## [Action item]
Your output must be the lines below from the line containing "اتنمر علي مدارسكم ويجز سين راب" to the line containing "ロルカナ新カード 新しいエンチャンテッドレアのお披露目 ライオン", both lines included, reproduced exactly and without pictures.
Dataset excerpts: Begin
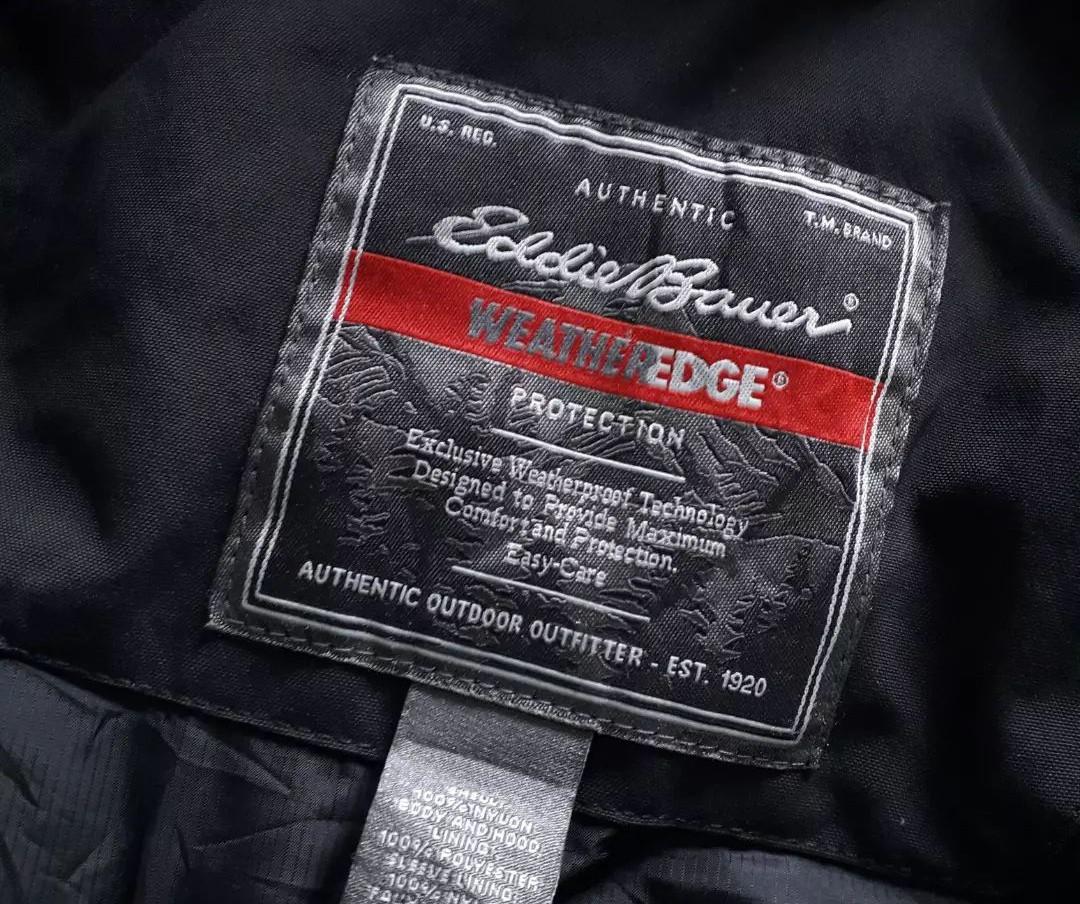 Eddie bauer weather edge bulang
Dataset excerpts: End
Dataset excerpts: Begin
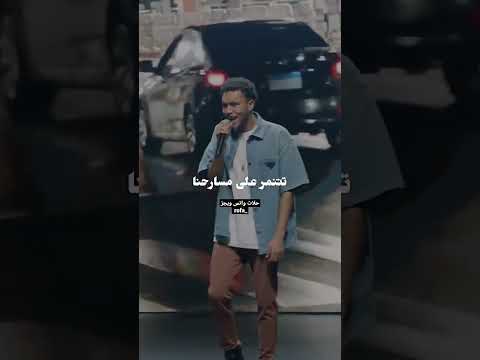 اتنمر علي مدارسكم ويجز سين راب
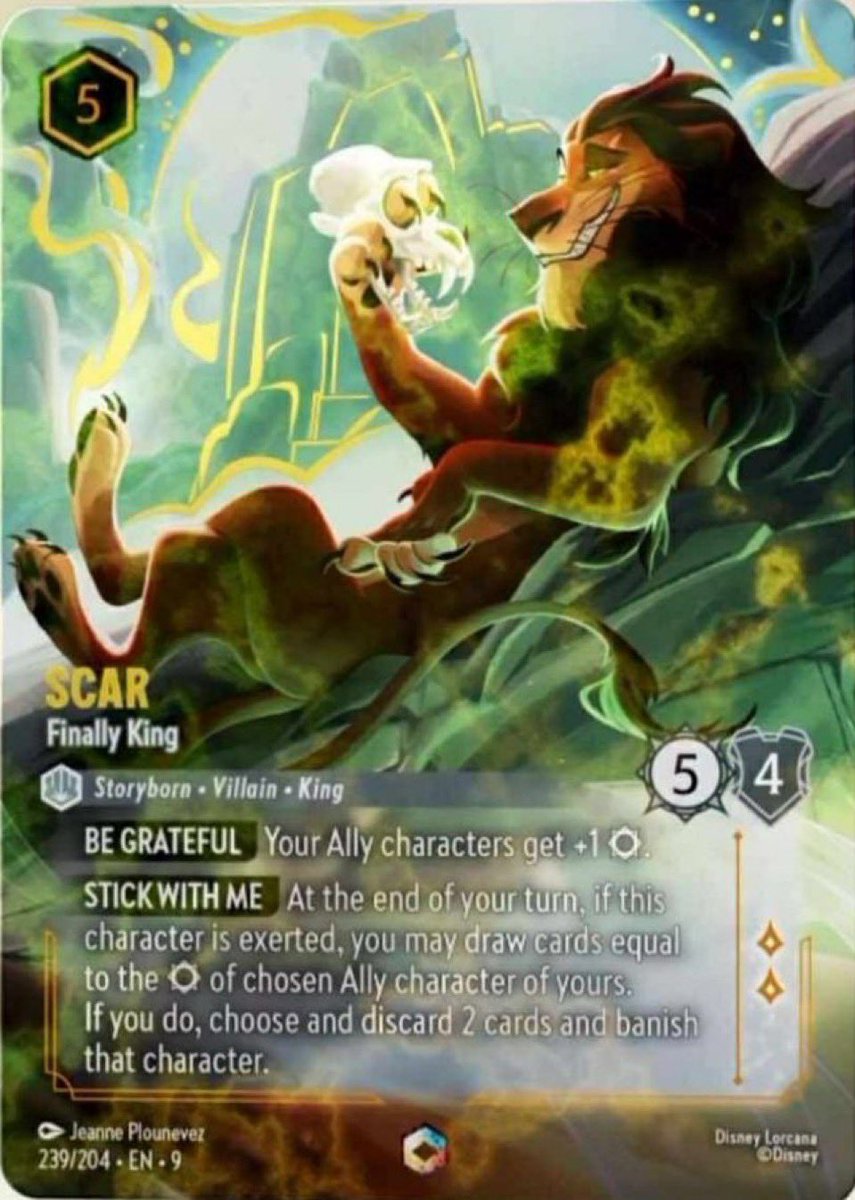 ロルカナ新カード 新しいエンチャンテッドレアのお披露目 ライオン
Dataset excerpts: End
Dataset excerpts: Begin
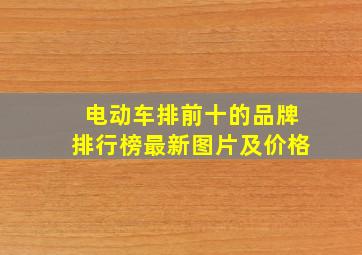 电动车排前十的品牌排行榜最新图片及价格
Dataset excerpts: End
## [Answer to this exercise]
 اتنمر علي مدارسكم ويجز سين راب
 ロルカナ新カード 新しいエンチャンテッドレアのお披露目 ライオン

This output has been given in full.